Closed brianhuffman closed 6 years ago
This change ended up being rather more pervasive than I had planned. Nearly all uses of String
in llvm-pretty are replaced with ByteString
. This patch also requires (mostly minor) changes in several other packages: llvm-pretty-bc-parser, llvm-verifier, crucible-llvm, and saw-script. I have pushed branches named bytestring
in all of their respective repositories.
The changes in the other packages are probably a good thing overall, because they basically mean that unicode text and identifiers will be handled properly throughout the whole system.
We'll want to do a major version increment next time a release is done, would you mind making that change to the cabal file now, so I don't forget?
I thought it might be worthwhile to consider another alternative before merging. Instead of requiring consumers of LLVM ASTs to do UTF-8 decoding, we could instead have the LLVM bitcode parser do UTF-8 decoding as it builds the AST.
I'm not necessarily trying to argue against using ByteString
; I just want to make sure we make a well-informed, deliberate decision here.
(I also started a discussion on our Galois Mattermost SAW channel; I'll post any conclusions from that here before taking any further actions.)

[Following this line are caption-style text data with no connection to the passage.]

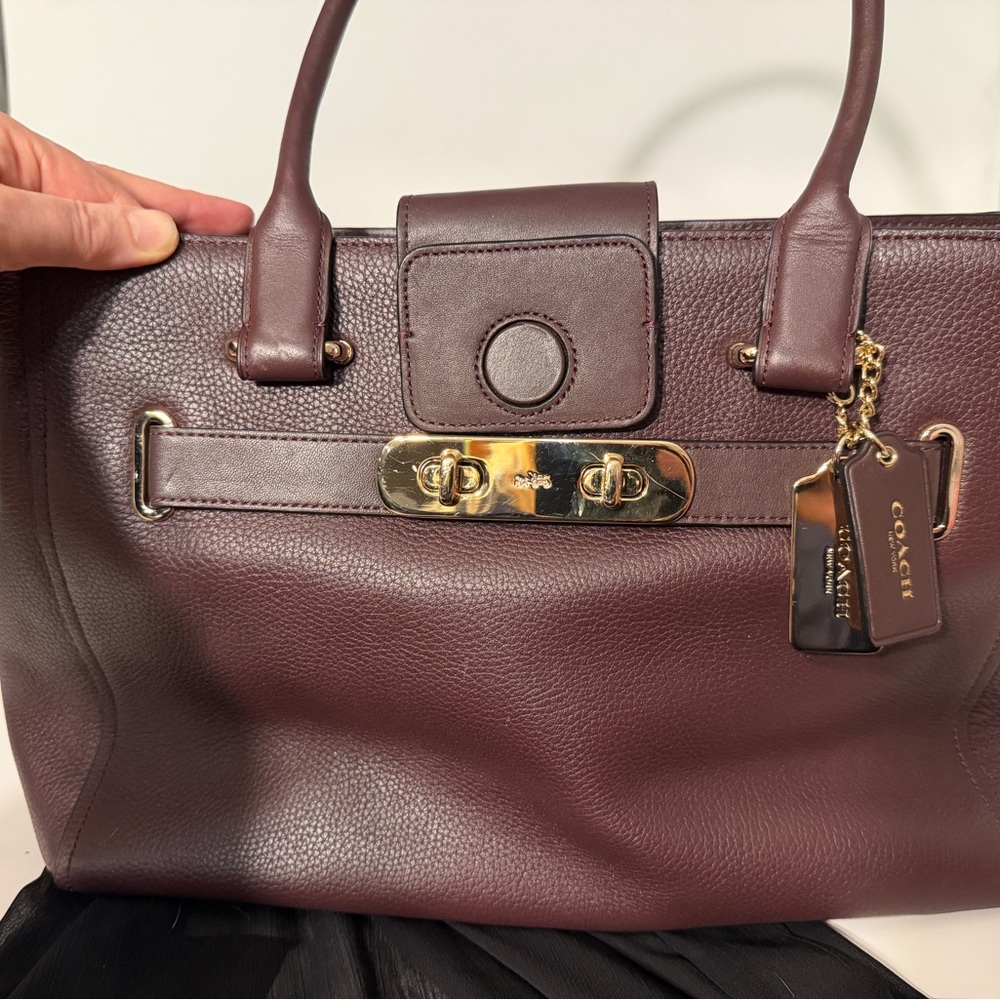 Coach Swagger Carry All Bag in Oxblood Leather - Picture 2 of 15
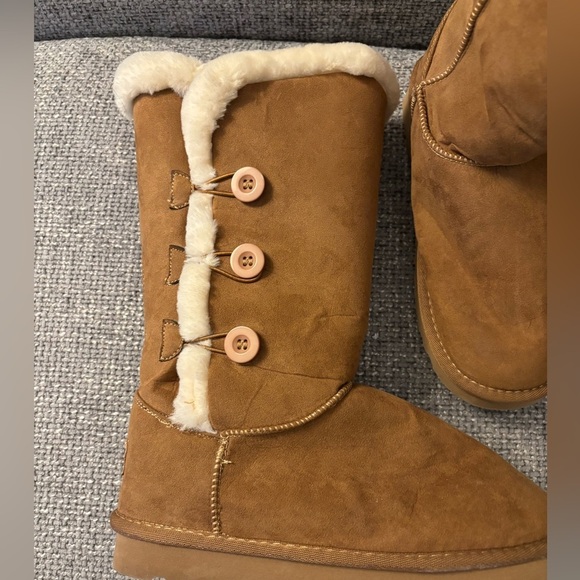 Brand new Cozy & Stylish Winter Boots 8 ( no box ) - Picture 6 of 15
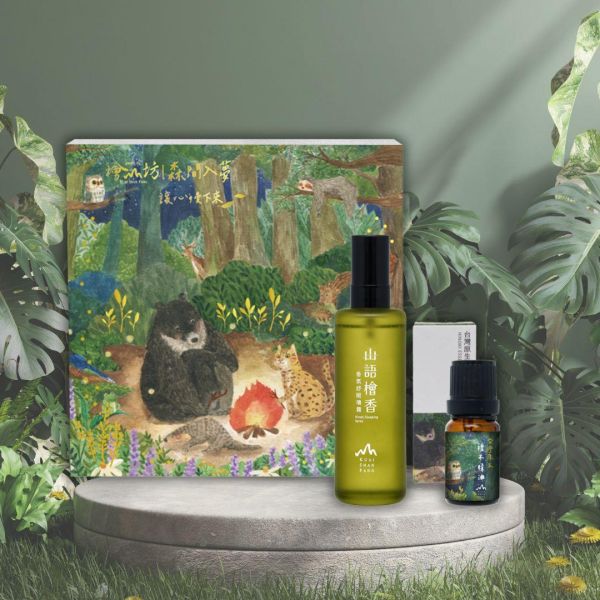 插畫聯名禮盒【森間入夢】山語檜香香氛舒眠噴霧60mL+檜木精油10mL(母親節禮盒) 蛤蟆先生去看心理師,山語檜香香氛舒眠噴霧,檜木香氛,舒眠噴霧,助眠香氛,無酒精香氛,織品適用香氛,枕頭噴霧,寢具香氛,薰衣草精油,洋甘菊精油,天然植萃香氛,寵物友善香氛,孕婦適用香氛,車內擴香,旅行香氛,放鬆舒壓,睡前香氛,檜山坊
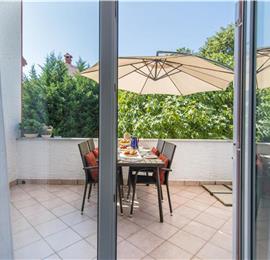 4 Bedroom Villa with Pool and Annex near Porec, Sleeps 8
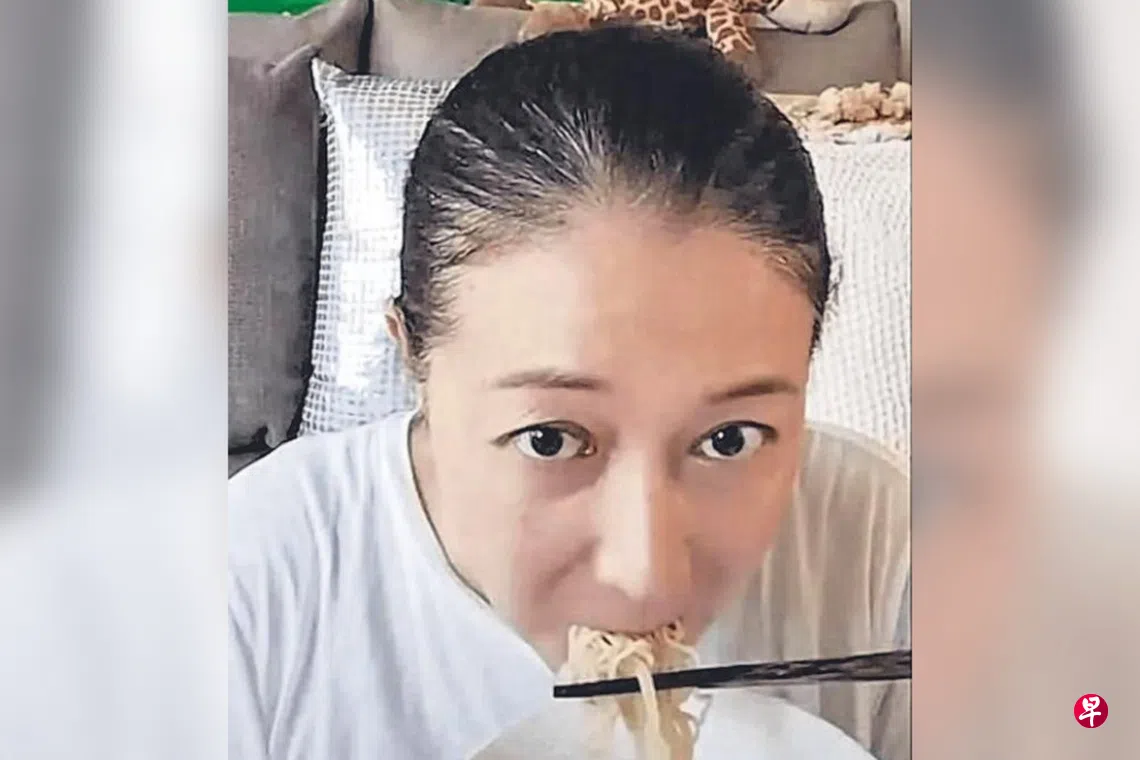 吴绮莉在直播中吃面，孤独过中秋。 （取自网络）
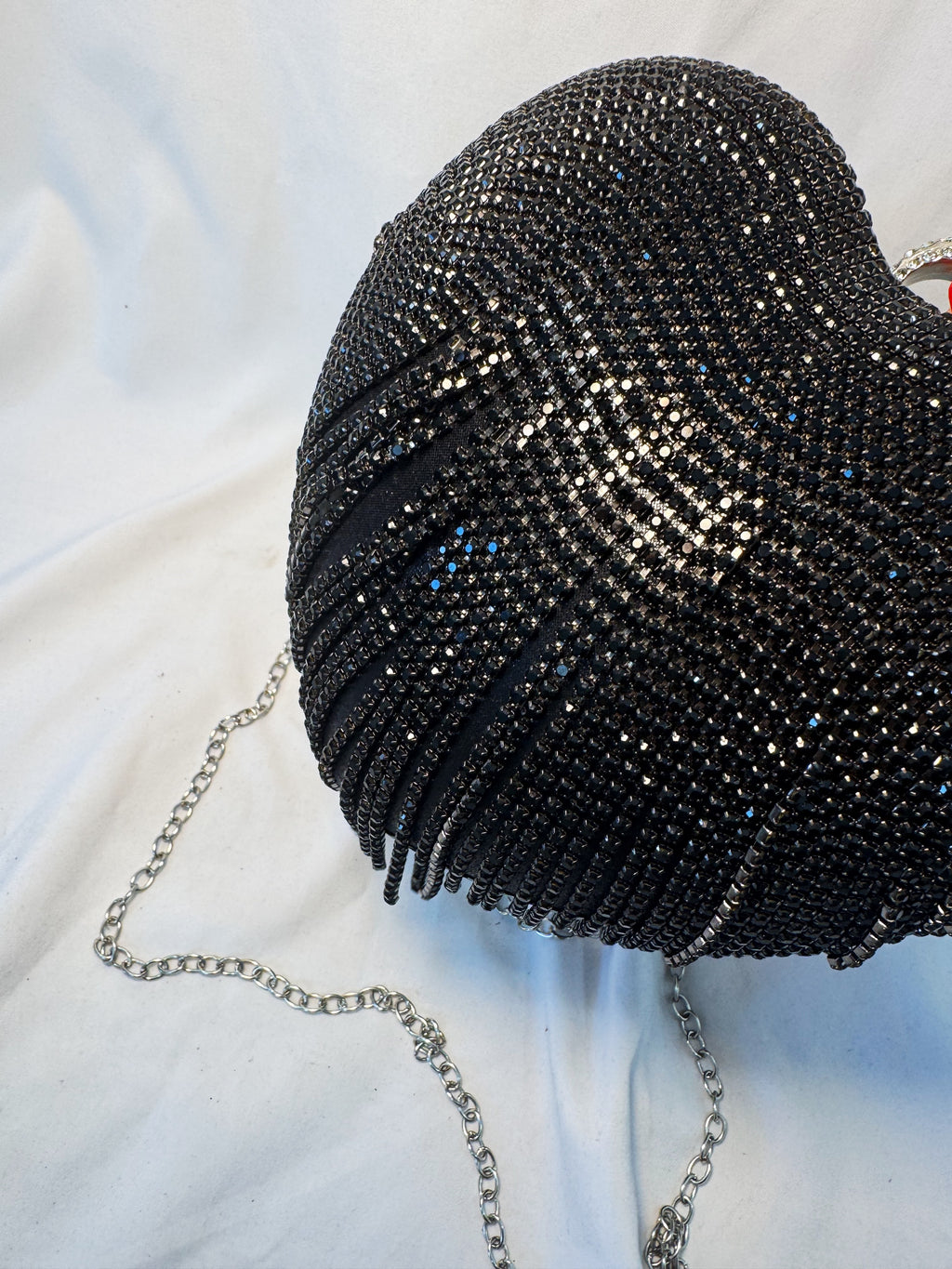Bolso corazón negro con brillantes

The version number is at 0.7.3 now, so should it go up to 1.0?
0.8 should be fine.
That's a good point -- we could just do the encoding when rendering out the bitcode. It adds a bit of complexity to the bitcode parser, but it would keep the API for llvm-pretty basically the same.
I now have an alternative pull request for the other option: GaloisInc/llvm-pretty-bc-parser#64. This one is nice because the changes are confined to a single package, and no APIs need to change.
I like the second option a bit more, it confines the formatting to pretty-printing, and restores the original string during parsing from the bitcode. Should we close this PR, or were there changes you needed to integrate with the bitcode parser?
Yes, I think we should close this one. It was a reasonable idea to try, but it ended up being kind of a mess.
LLVM does not know anything about UTF8 or any other text encoding; it treats strings as just lists of bytes, and the LLVM string syntax can encode arbitrary sequences of bytes. For this reason, ByteString is a more honest representation of LLVM strings than type String.
Frontends like clang may perform UTF8 encoding on names when producing LLVM files; consumers of LLVM AST should then perform UTF8 decoding on ByteStrings to produce a final String or Text value.